Being an expert witness in a lawsuit can be financial rewarding and impactful.
To wit, a jury delivered a $242M verdict on May 10 in favor of plaintiff IPA Technologies in a federal patent infringement lawsuit against Microsoft. The jury found that Microsoft’s Cortana virtual assistant infringed a patented invention conceived in the late 90’s by researchers at SRI International, a nonprofit spinoff of Stanford University. Quandary Peak Research, a software analysis firm based in Los Angeles, analyzed Cortana’s source code on behalf of IPA. At trial, Quandary Peak’s analysis and findings featured heavily in the testimony of IPA’s infringement expert, Dr. Nenad Medvidovic.
The patent claims at issue in the case, IPA Technologies Inc. v. Microsoft Corporation, involved methods for using “autonomous electronic agents” for “cooperative task completion.” Various elements of the patented methods relate to the system’s internal design, and a look under the hood at Cortana’s proprietary and confidential source code was necessary to determine whether Cortana included those design elements. Two source code analysis experts from Quandary Peak, Drs. George Edwards and Jae Young Bang, collaborated closely with Medvidovic over a period of several years to analyze Cortana’s source code in detail.
On the third day of the one-week trial, Medvidovic took the stand to explain his infringement opinions to the jury. Medvidovic opined that Microsoft infringed three claims of U.S. Patent No. 7,069,560, also known as the ‘560 Patent. In his testimony, Medvidovic noted the essential role the source code analysis played in establishing Microsoft’s infringement. Medvidovic specifically credited Quandary Peak’s work on the case and described Edwards and Bang as “brilliant” source code analysts.
Medvidovic also used Quandary Peak’s analysis to rebut Microsoft’s arguments. In particular, Microsoft’s legal team and experts advanced a theory that Microsoft did not infringe the asserted claims because Cortana did not receive a service request “adhering to an interagent communication language,” or ICL, which is a required element of the invention claimed in the ‘560 Patent. Microsoft argued that the service request received by Cortana was not recited in an ICL. However, Medvidovic explained to the jury that based on the source code identified by Quandary Peak, Cortana’s service request was recited in an ICL because it adhered to a particular set of structural rules and included parameters consistent with the ‘560 Patent’s written description.

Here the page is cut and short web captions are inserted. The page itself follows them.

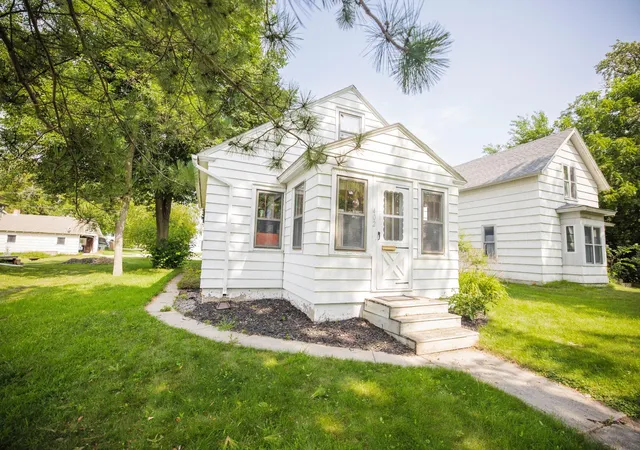 Photo 1 of Sale Pending at 402 W 8th Street, Morris, MN 56267 | MLS# 7106888 | Listing updated on 2026-09-22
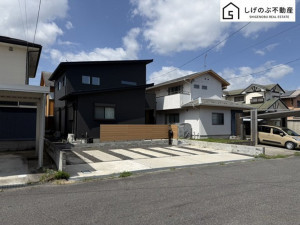 甲賀市水口町山、中古一戸建ての外観画像です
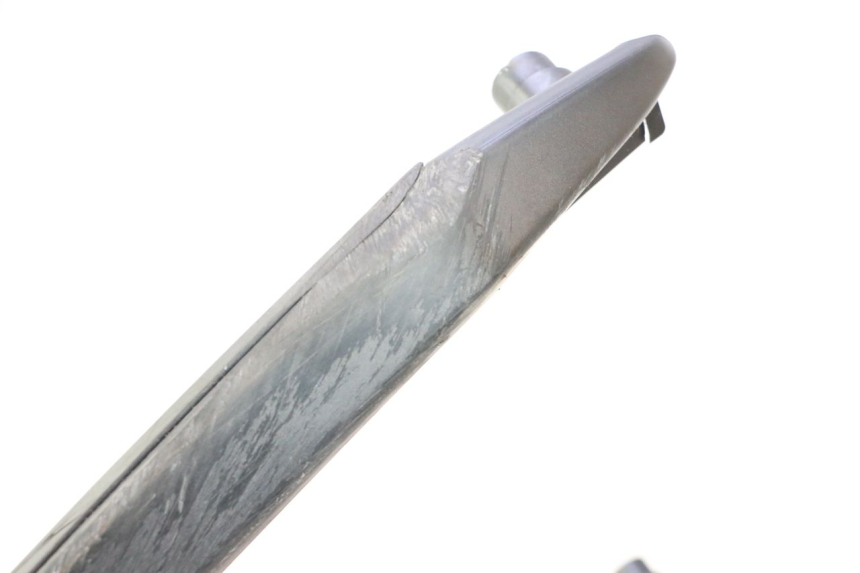 photo de SUPORTE DE BAGAGEM PIAGGIO MP3 HPE 530 (2022 - 2026) - Outro ângulo de visão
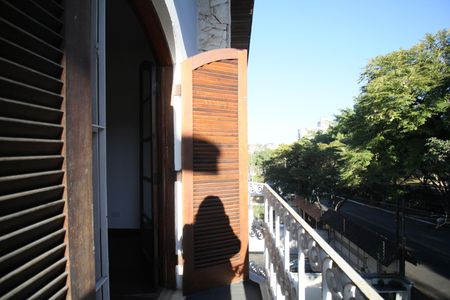 Casa à venda com 200m², 3 quartos e 4 vagasvaranda suíte 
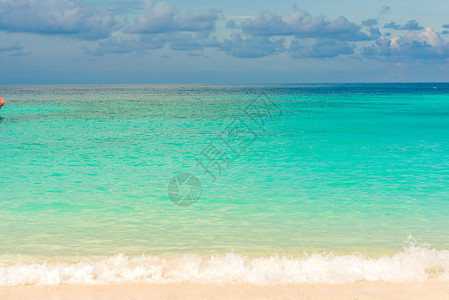 蓝色天空的安达曼海滩和热带海泰图片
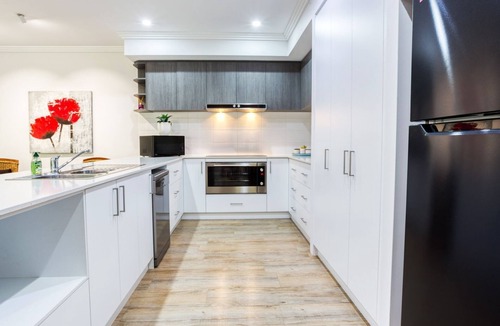Geographe House | Estuary Views – Modern Holiday Home in Wonnerup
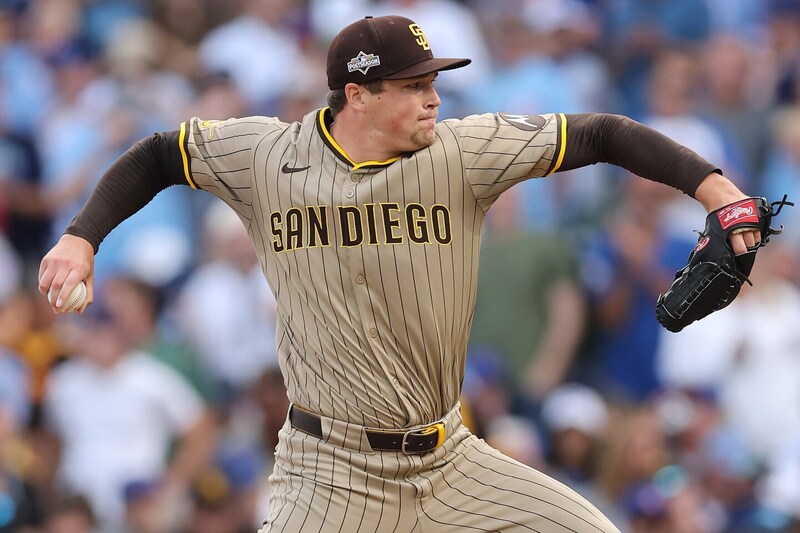 パドレスのメジャー最強リリーフ陣が異例の「全員回またぎ」で躍動！完封リレーでカブスとのシリーズ成績を１勝１敗のタイに戻す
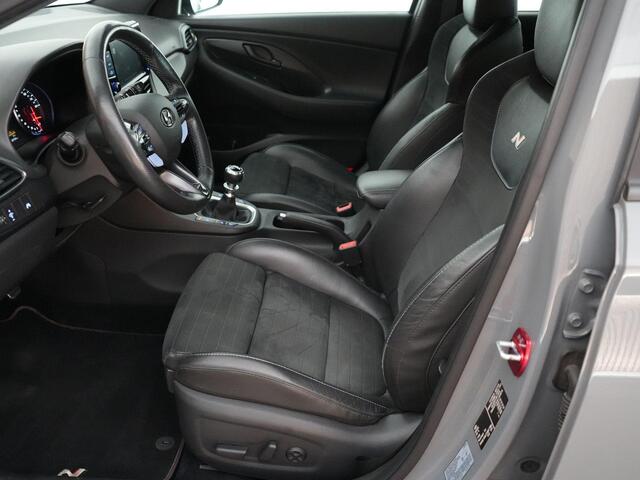 Hyundai I 30 N2 Performance 2.0 275pk T-GDI |sper diff|memory|Apple Carplay|parkeercamera|stoeleverwarming|stuurverwarming|climate control|19" lichtmetalen velgen|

A second non-infringement argument advanced by Microsoft was that the alleged agents within Cortana, which were known internally at Microsoft as “skills,” were not autonomous as required by the ‘560 Patent. Microsoft called witnesses who testified that Cortana’s skills were not autonomous because they were dependent on an internal component of Cortana known as Cortex. To rebut Microsoft’s assertion, Medvidovic again relied on technical documents and source code evidence unearthed by Quandary Peak’s experts, Edwards and Bang. Medvidovic used that evidence to support his opinion that Cortana’s skills met the patent’s definition of autonomous agents, as that term would have been understood by a person of ordinary skill in the field at the time of the invention in 1999.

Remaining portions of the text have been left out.